When is a 529 plan a bad idea?

A 529 plan is not always the best choice for every situation. There are times when other investments are a better fit.

  • You’re not sure if your child will attend college. If you start a 529 plan when your child is young, you have no idea what their career interests will be when they graduate high school. If your child does not pursue additional education, you may lose all the tax benefits of the 529 plan.
  • You’re not sure how much money you’ll need to save for college. In the 10-year period from 2010 to 2020, college tuition increased 31.4 percent. The average cost of tuition at a public four-year college or university was $7,132. In 2020, that figure jumped to $9,375. This does not include room and board costs, fees or books. This rising cost of education makes it difficult to know how much you should contribute to a 529 plan.
  • You have investment experience and prefer to choose from a wide range of investment options rather than be limited to the investment strategy used in the state’s 529 plan.
  • You would lose out on federal financial aid. Since a 529 plan could reduce the federal aid your child would qualify for, they may miss out on receiving federal Direct Loans or Direct PLUS Loans or grants, like the Pell Grant or Federal Supplemental Educational Opportunity Grant.

States that don’t offer 529 tax credits and deductions

Nine states do not offer 529 tax credits or deductions. They are:

  • Alaska
  • Florida
  • New Hampshire
  • Nevada
  • South Dakota
  • Tennessee
  • Texas
  • Washington
  • Wyoming

Four states do charge income tax but do not have a 529 deduction. They are:

  • California
  • Hawaii
  • Kentucky
  • New Hampshire

Alternatives to 529 plans

If you don’t think a 529 plan is the best option for you and your child, you can consider alternative options.

Brokerage account

A brokerage account is an investment account where you can contribute money and invest it in the stock market. When you withdraw funds, you will owe capital gains taxes on any profits, though you can use funds for any purpose — not just an education.

Unlike with a 529 plan, no tax credits or deductions are available for brokerage accounts, which are also far more likely to impact your child’s eligibility for financial aid.

Roth IRA

A Roth IRA is a type of retirement account that uses after-tax dollars. You can withdraw contributions at any time without facing fees or penalties and withdraw without penalty if the earnings are used for educational expenses. The benefit of using a Roth IRA instead of a 529 plan is you’re not required to use the funds for educational costs, so it could be a good option if you’re not sure if your child will pursue secondary education or, if they do, how much money they’ll need.

However, a Roth IRA isn’t designed for college savings. It’s a retirement account, so any money you withdraw to pay college costs will eat into your retirement savings. Taking distributions may also hurt your child’s chances for financial aid.

Custodial account

A custodial account is a savings plan that allows a minor to take ownership of the account upon age 18 or 21, depending on each state’s rules.

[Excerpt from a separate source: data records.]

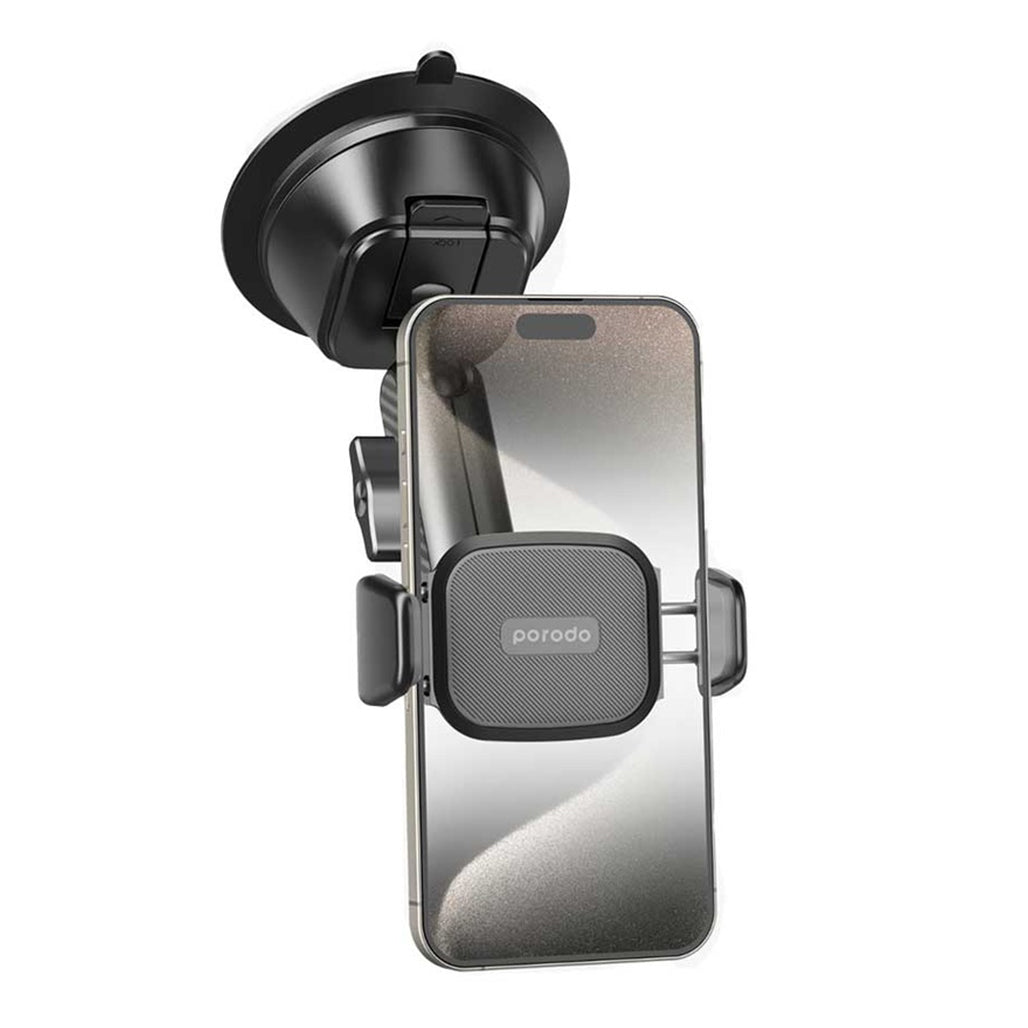 Porodo Cradle Suction Cup Phone Mount with 360° Rotation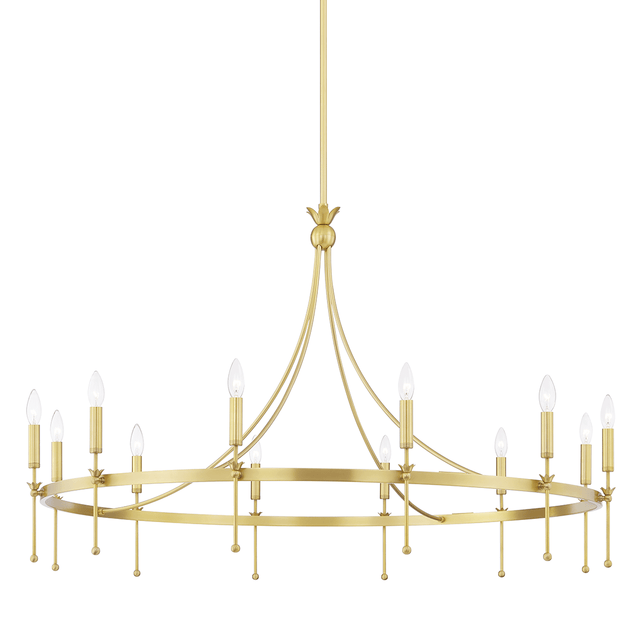 Hudson Valley Gates Chandelier Lighting hudson-valley-4351-AGB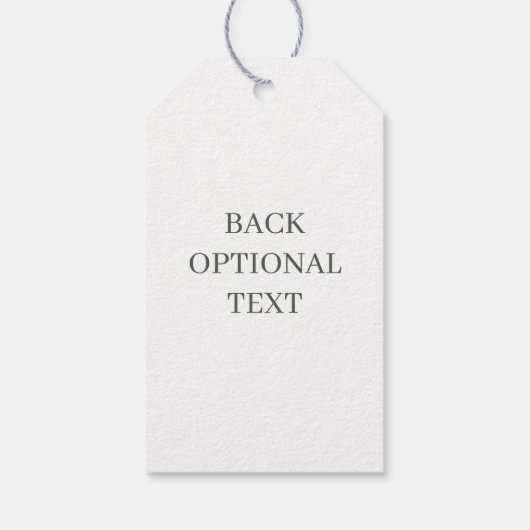 L Monogram Floral Aangepast Cadeaulabel (Achterkant)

You can withdraw funds anytime if they are for the designated child’s benefit. When the child reaches adulthood, they can withdraw funds for any purpose.

Custodial accounts also offer tax advantages. Some earnings on the account are tax deductible. Once that threshold is reached, earnings are taxed partially at the adult’s and child’s tax rates.

The bottom line

While these programs have benefits, they also have drawbacks that make a 529 plan a bad idea for some families. Researching all the investment options before investing in a 529 plan is essential.